The Influence Of The For Profit Exchanges


The influence of the high frequency trading never ceases to amaze us.  Every time a finger is pointed at them, they usually roll out the big guns to quickly squash the issue.  Most of the time they roll out an academic to point out that HFT “adds liquidity and shrinks spreads”.  But this tactic has run into a problem with the revelation that some academics are having their research sponsored by HFT firms.  Now, it appears the HFT lobby has turned to the stock and commodity exchanges to do their dirty work for them.

The most recent example comes from the CME Group.  You may remember that recently the CFTC shut down an independent research program.  We wrote about this in a March 8th blog post titled “Why Did The CFTC Suspend Their Visiting Academic Research Program?” .  Specifically, we questioned who was the “outside person who raised questions about academic research that referenced CFTC data”?  Well, thanks to a Freedom of Information Act request from Reuters, we now know who it was that complained about the independent research program:  it was the CME Group.

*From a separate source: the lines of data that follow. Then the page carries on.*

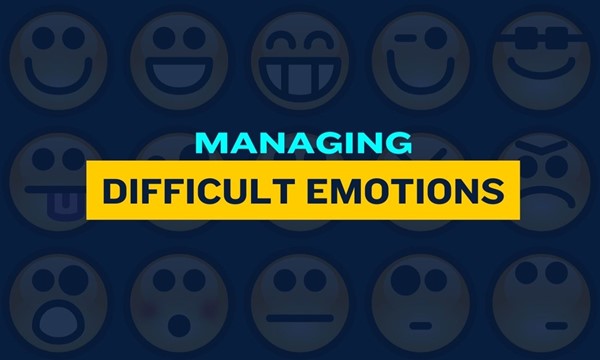 Managing Difficult Emotions - Hosted by CAPS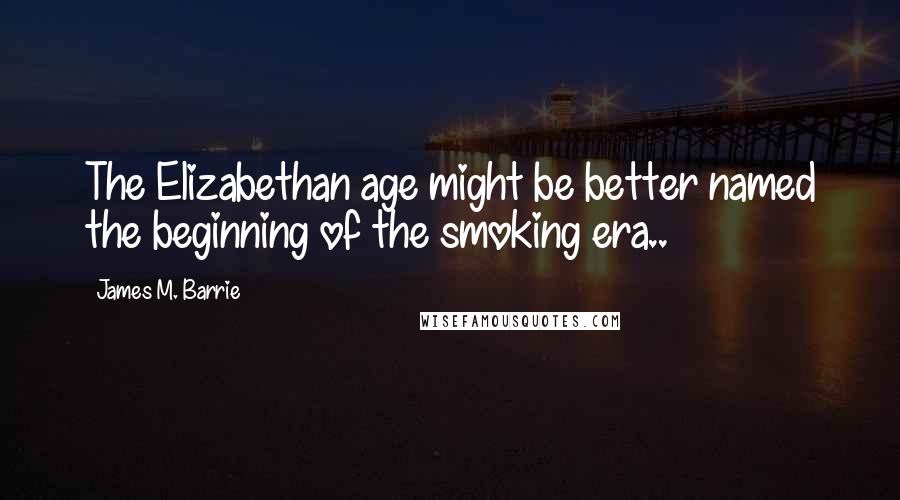 James M. Barrie Quotes: The Elizabethan age might be better named the beginning of the smoking era..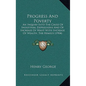 Progress and Poverty: An Inquiry Into the Cause of Industrial Depressions and of Increase of Want with Increase of Wealth, the Remedy (1904) - Hardcover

According to Reuters , the complaint read:

As you might expect, a number of customers of our client CME Group, Inc. have expressed their concern that … data has been shared with non-Commission employees,” said the letter, which was written by Skadden Arps attorneys Mark Young and Jerrold Salzman on CME’s behalf.

Reuters states that the CME letter caused the CFTC to temporarily shut down its independent research program.  It just so happens that this research program was producing critical academic evidence about abusive HFT activity.  In our blog from March 8th, we wrote:

Two of the best pieces of research on high frequency trading that we have read recently are Andrei Kirilenko’s  “The Trading Profits of High Frequency Traders”    and Adam Clark-Joseph’s ”Exploratory Trading” .  These two pieces of research are special because they use actual transaction level data from the CME and traced back to the original source of the trade.  Most of the rest of the HFT research reports out there rely on a sample set of data usually supplied by an exchange.

Was information really leaking from this program or is the CME just afraid that regulators are getting closer to figuring out that some of their largest clients could be manipulating the market?  According to Andrei Kirilenko, information was not leaking.  He told Reuters:

“I worked hard to ensure that this economic analysis was conducted in accordance with practices and procedures to ensure confidentiality of the data.  Analysis which was made available to the public was released in accordance with a process and in a form that was appropriate for the general public.”

It doesn’t sound like any information was leaked.  We read and reviewed the reports in question and no information about client identities was revealed.  Clients were bunched into categories but not named.  So, what is the CME afraid of?  Are they afraid that if more research is done that it might expose nefarious trading practices from some of their highest volume clients?  Shouldn’t an exchange encourage this type of research in order to make sure the public is being treated fairly?  Sure sounds like another conflict of interest has emerged at a for profit exchange.